A Kirkland woman, who was the centre of a well-publicized battle with Quebec’s health insurance board over her right to obtain life-saving treatment in the United States, has lost her battle with cancer.
Ella Shepherd Marchildon, a Kirkland mother of five, died Saturday from complications at the Lakeshore General Hospital, following a recurrence of the rare signet ring cell carcinoma for which she underwent specialized treatment in the U.S. in 2008.
Marchildon would have turned 50 next month.
A celebration of her life will take place Saturday, Nov. 2, at Rideau Memorial Gardens in Dollard-des-Ormeaux. The public is invited to attend the service.
“She was definitely courageous and determined,” said Joe Marchildon, Ella’s husband and unfailing support throughout the ordeal, on Tuesday at the family’s home in Kirkland.
In April 2008, Ella underwent a 20-hour operation at the Sugarbaker Oncology Clinic in Washington, D.C., to remove multiple tumours in her small and large intestines and vaginal walls, cancer that was initially detected in 2003 and that had spread.
The specialized surgical procedure entailed the removal of all but eight inches of Ella’s intestines, her gall bladder, appendix and reproductive organs and, a heated chemotherapy bath of her remaining internal organs.
Last April, Ella celebrated five years of being cancer-free. But that good news was shortlived when, in August, she learned that her cancer was back — and treatment options proved elusive.

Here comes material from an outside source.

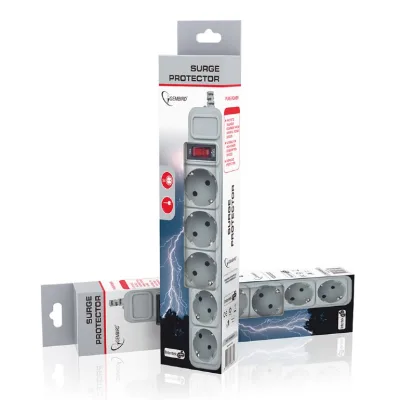 PRELUNGITOR GEMBIRD, Schuko x 5, conectare prin Schuko (T), cablu 3 m, 16 A, protectie supratensiune, protectie copii, gri, "SPG3-B-10C" (timbru verde 0.18 lei)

Ella wanted to thank West Islanders for their support over the years, especially the letters, emails and phone calls that convinced the Régie de l’assurance maladie du Québec to reverse its decisions and allow her to seek life-extending treatment available only in the U.S., said Marchildon.

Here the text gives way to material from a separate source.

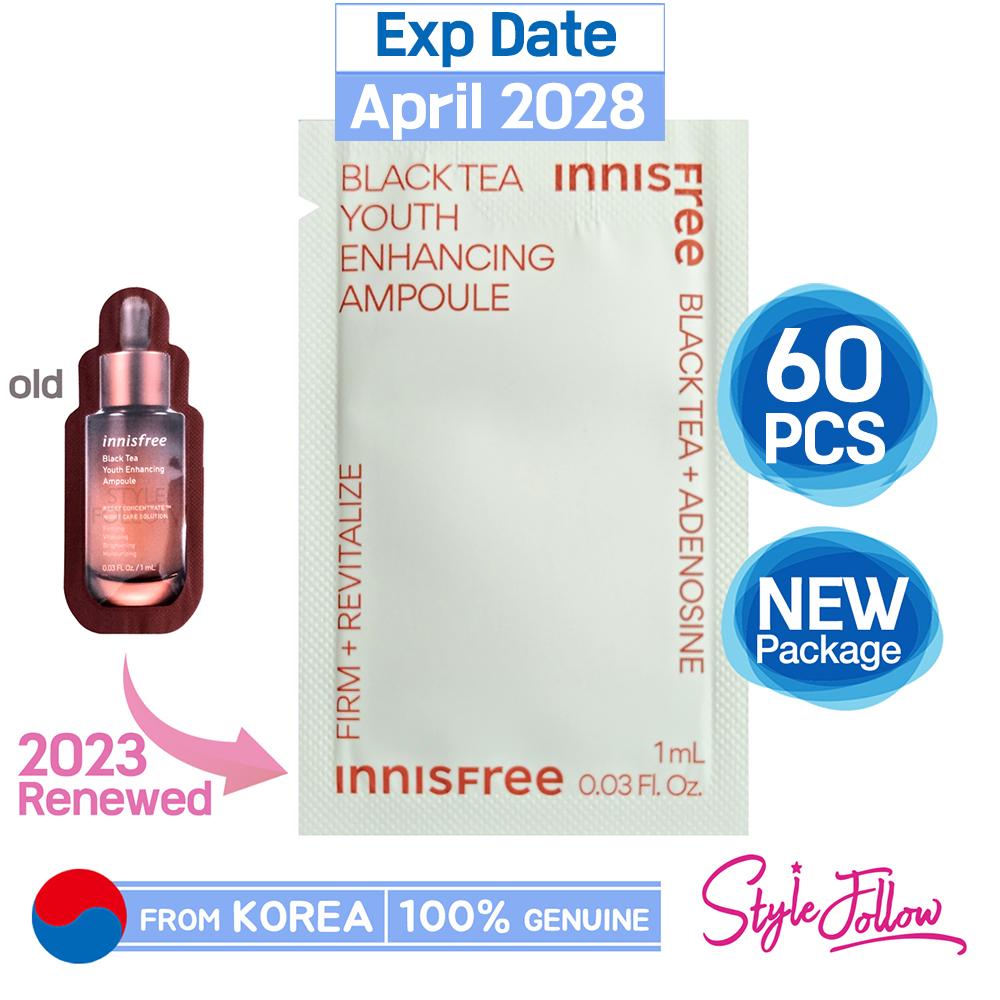 60pcs/60ml_[INNISFREE] Black Tea Youth Enhancing Ampoule 1ml (Sample Sachet)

“The priority for Ella was always family,” he said.
She was grateful for the chance she had to watch her children grow up: Wyatt is now 19, Tatum, 18, and twins Dallas and Dakota are now 17. “The twins were 11 when this all started,” said Marchildon.
He added that Ella was so happy that she had had a chance to see her 28-year-old daughter Sandy Stringer, her oldest child from an earlier relationship, start a family of her own. Five-year-old Madison and 7-year-old Riley brough her pleasure.

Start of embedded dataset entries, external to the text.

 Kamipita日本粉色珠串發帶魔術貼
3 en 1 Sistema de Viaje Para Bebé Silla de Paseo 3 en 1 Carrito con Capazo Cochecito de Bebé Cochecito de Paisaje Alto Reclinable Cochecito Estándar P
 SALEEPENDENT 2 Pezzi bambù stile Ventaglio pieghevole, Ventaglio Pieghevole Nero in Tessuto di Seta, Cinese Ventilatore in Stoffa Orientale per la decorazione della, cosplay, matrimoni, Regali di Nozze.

He said without the support of West Island residents, he doesn’t know what would have happened.
“It was overwhelming at times,” he said, noting how he would walk away from the computer and an hour later come back to find 150 new emails. But it made all the difference.
Canada’s public health-care system is terrific 95 per cent of the time, said Marchildon. But it’s another matter when you get some kind of rare disease that’s not in the playbook and requires specialists and specialized treatment.
“It wasn’t just my mom’s fight, it was Joe’s fight, too,” said Sandy Stringer, thanking her stepfather for the tireless campaign he waged for Ella.“If it wasn’t for Joe, she wouldn’t have been around for nearly as long.”
A celebration of Ella Shepherd Marchildon’s life will be held Saturday, Nov. 2 at Rideau Memorial Gardens, 4239 Sources Blvd. in Dollard-des-Ormeaus. The family asks that anyone wishing to honour Ella’s memory make a donation to the Montreal Children’s Hospital.